1 Cette permission pourrait, dans un souci de protection du consommateur, être révisée par l’Autorité, soit de façon particulière, dans le cas d’un manquement d’un cabinet ou société autonome, soit de façon plus générale en reconsidérant la directive pour l’ensemble des cabinets et sociétés. »

(Nos soulignements)

[13]    La Directive P-9 est reprise dans le Guide de partage des rôles et responsabilités publié par la ChAD et déposée en preuve sous la cote P-10.

[14]    Le Guide P-10, qui résulte de la Directive P-9, constitue une norme de pratique qui doit être suivie par les membres de la profession, comme l’a décidé le Comité dans l’affaire Hébert[2].

IV.       La preuve testimoniale

 

[15]    Le premier témoin entendu par le Comité est l’intimé Éric Janelle.

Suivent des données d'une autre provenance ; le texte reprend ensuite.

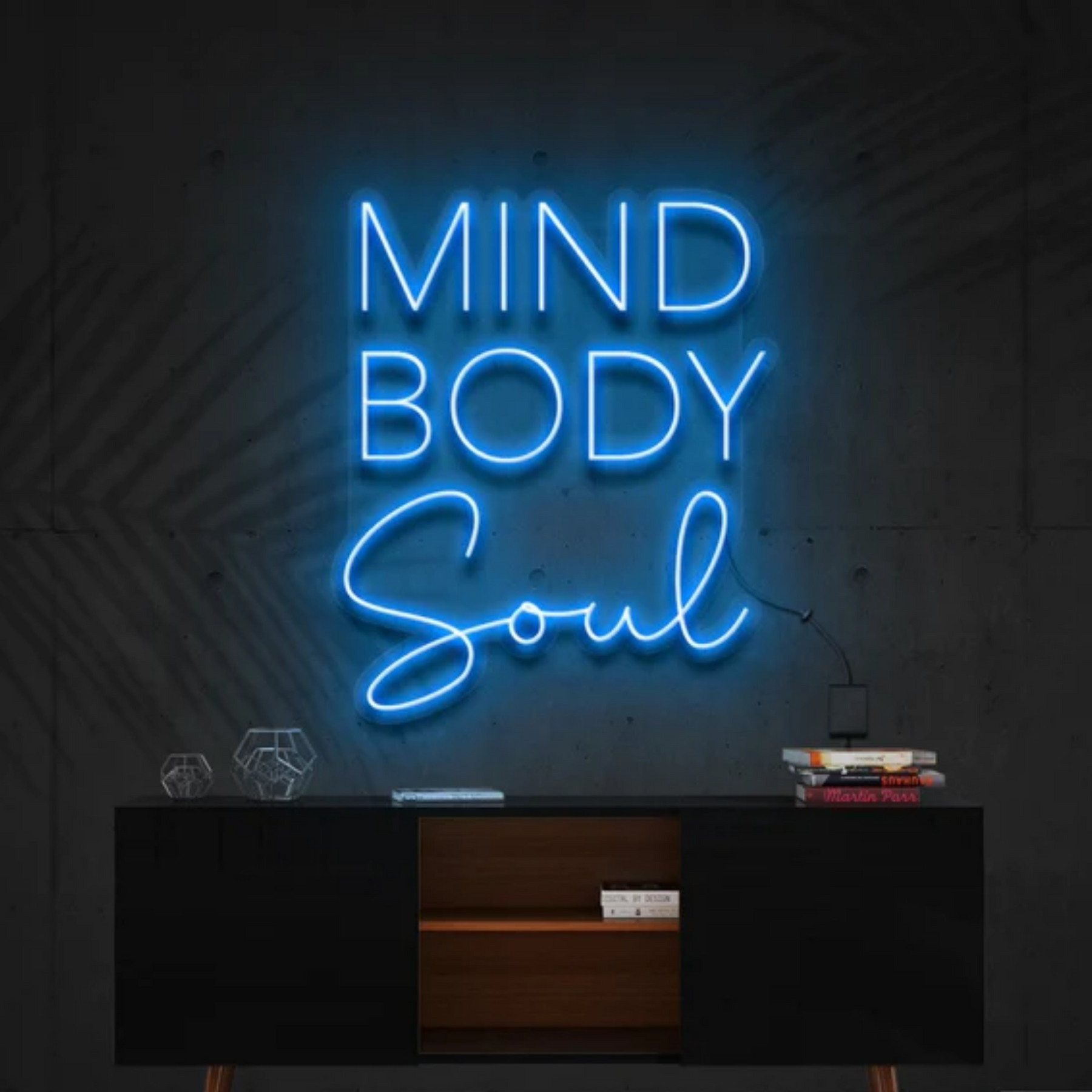 Mind Body Soul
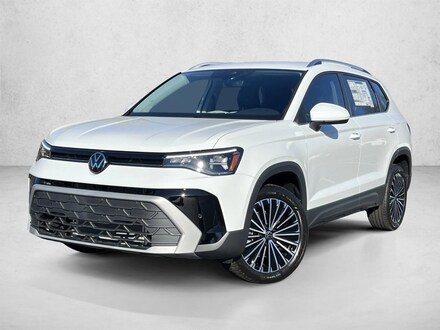 2025 Volkswagen Taos SE SUV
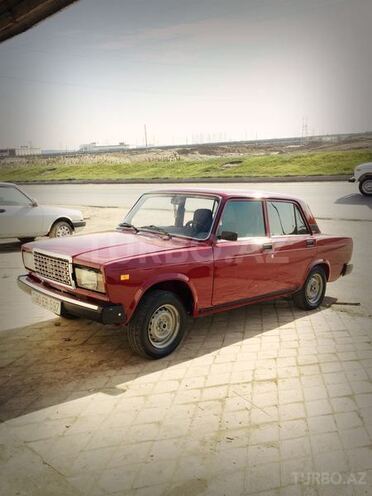 LADA (VAZ) 2107 2008, 11,111 km - 1.6 l - Bakı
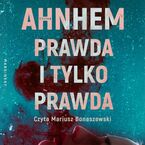 Okładka - Prawda i tylko prawda - Stefan Anhem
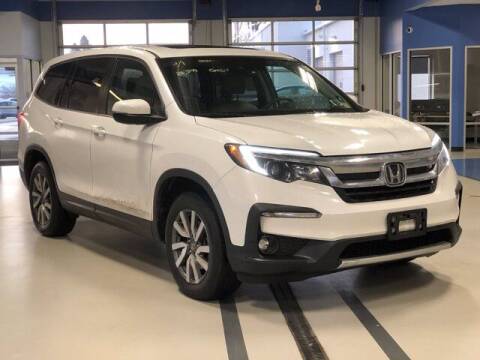 2020 Honda Pilot for sale at Simply Better Auto in Troy NY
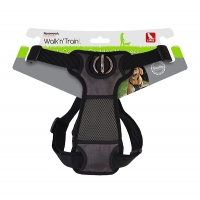 Front-Connect Padded Dog Harness L
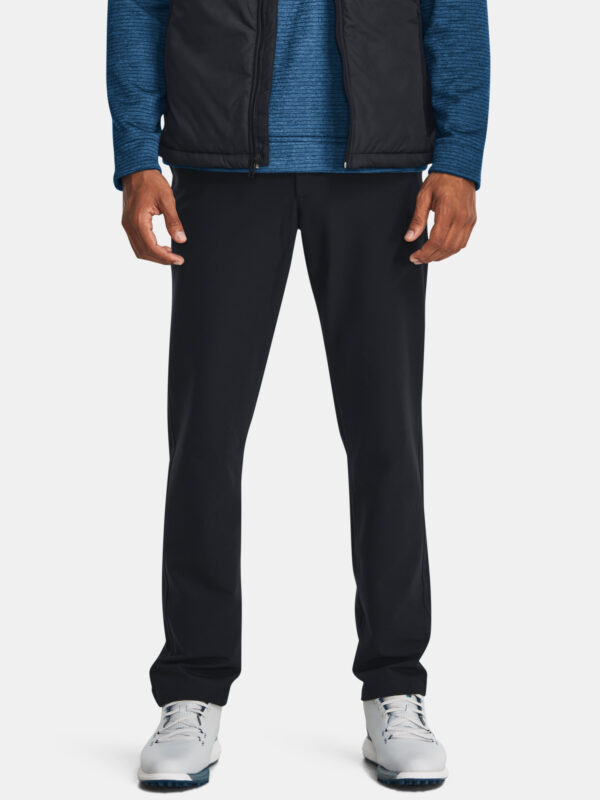 Under Armour UA CGI Tapered Pant-BLK - Men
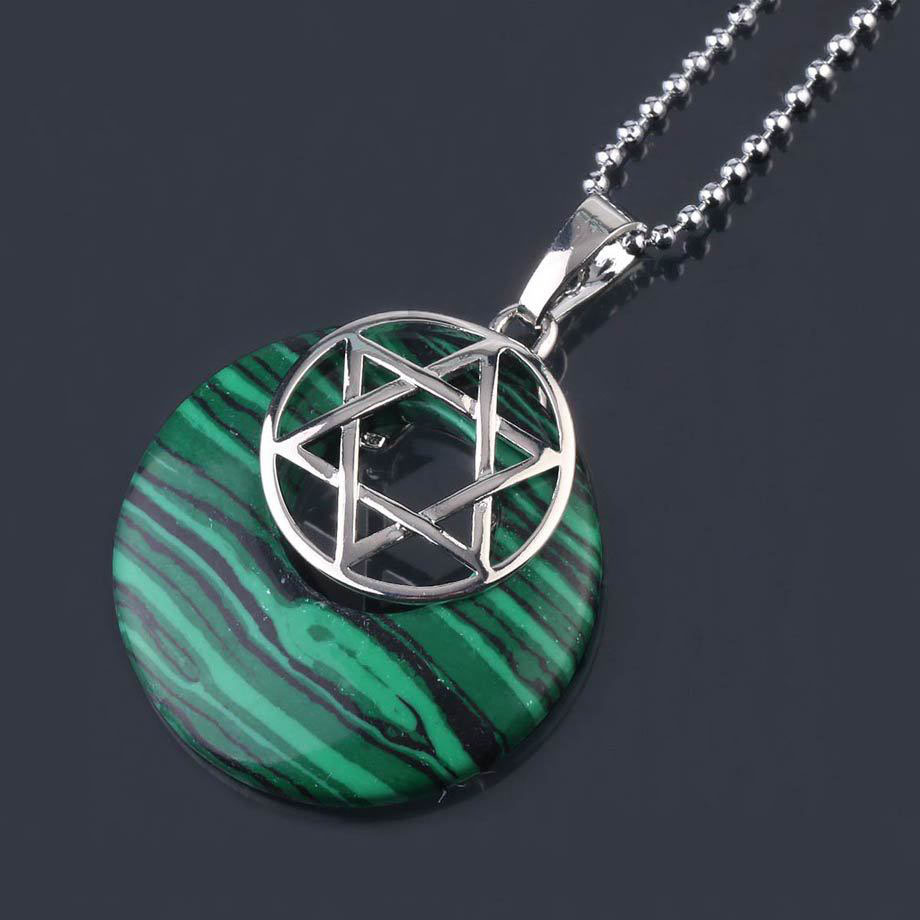 21:Malachite Chain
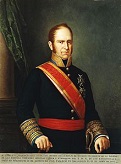 Spanish Gen. Joaqun Blake y Joyes (1759-1827)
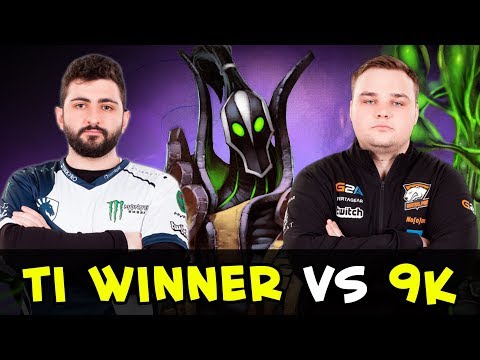 GH Rubick vs No[o]ne Storm — 9k TI winner vs double 9k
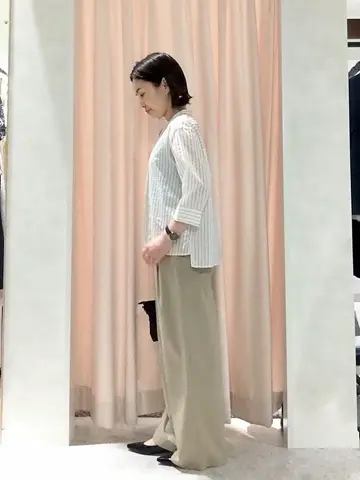 ONWARD CROSSET SELECT 井上 コーディネート画像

[16]    Son témoignage se résume comme suit :

       Entre le 1er octobre 1999 et le 26 février 2016, M. Janelle détient un certificat comme agent en assurance de dommages des particuliers;

       Il en résulte qu’au moment des faits reprochés, M. Janelle n’était pas détenteur d’un certificat d’expert en sinistre;

       Depuis le 27 février 2015, il détient toutefois une certification d’expertise en règlement de sinistres en assurance de dommages des particuliers;

       Au cours de la période décrite à la plainte, il était chef d’une équipe « double-fonction » au sein de la Compagnie d’assurance Bélair inc.;

       Cette équipe double-fonction était constituée pour moitié d’agent en assurance de dommages et pour l’autre moitié, d’experts en règlement de sinistres;

       Au cours de l’été, les membres de son équipe exécutaient principalement de la vente de produits d’assurance de dommages et en hiver, au téléphone, ils s’occupaient de réclamations et de l’indemnisation de celles-ci;

       À titre de chef d’équipe, M. Janelle révisait notamment les transactions des agents en assurance de dommages qui décidaient de la recevabilité d’une réclamation, la valeur des dommages et du règlement du sinistre;

       En 2012 jusqu’au 25 mars 2013, le supérieur immédiat de M. Janelle était M. Sébastien Gagné[3];

       Il communiquait régulièrement avec M. Gagné pour des informations;

       À compter du mois de mars 2013, M. Janelle est supervisé par madame Karine Vivier, laquelle détient une certification d’expert en règlement de sinistres;

       Au cours d’une journée usuelle, environ 80 % des tâches de M. Janelle consistaient à vérifier les transactions effectuées par les agents en assurance de dommages des particuliers assignés à son équipe;

       Il s’agissait de dossiers régis par la Convention d’indemnisation directe pour le règlement des sinistres automobiles;

       Il pouvait lui arriver d’entrer directement en communication avec un assuré;

       Notamment et à titre de chef d’équipe, il est intervenu auprès d’une assurée, Mme N.P., qui n’était pas satisfaite de la valeur marchande attribuée à son véhicule accidenté;

       À chaque mois, il assistait à une rencontre des chefs d’équipe dirigée par madame Vivier;

       Quant à son niveau d’autorité, bien qu’il ne se rappelle pas exactement du montant, il le situe à environ 25 000 $.    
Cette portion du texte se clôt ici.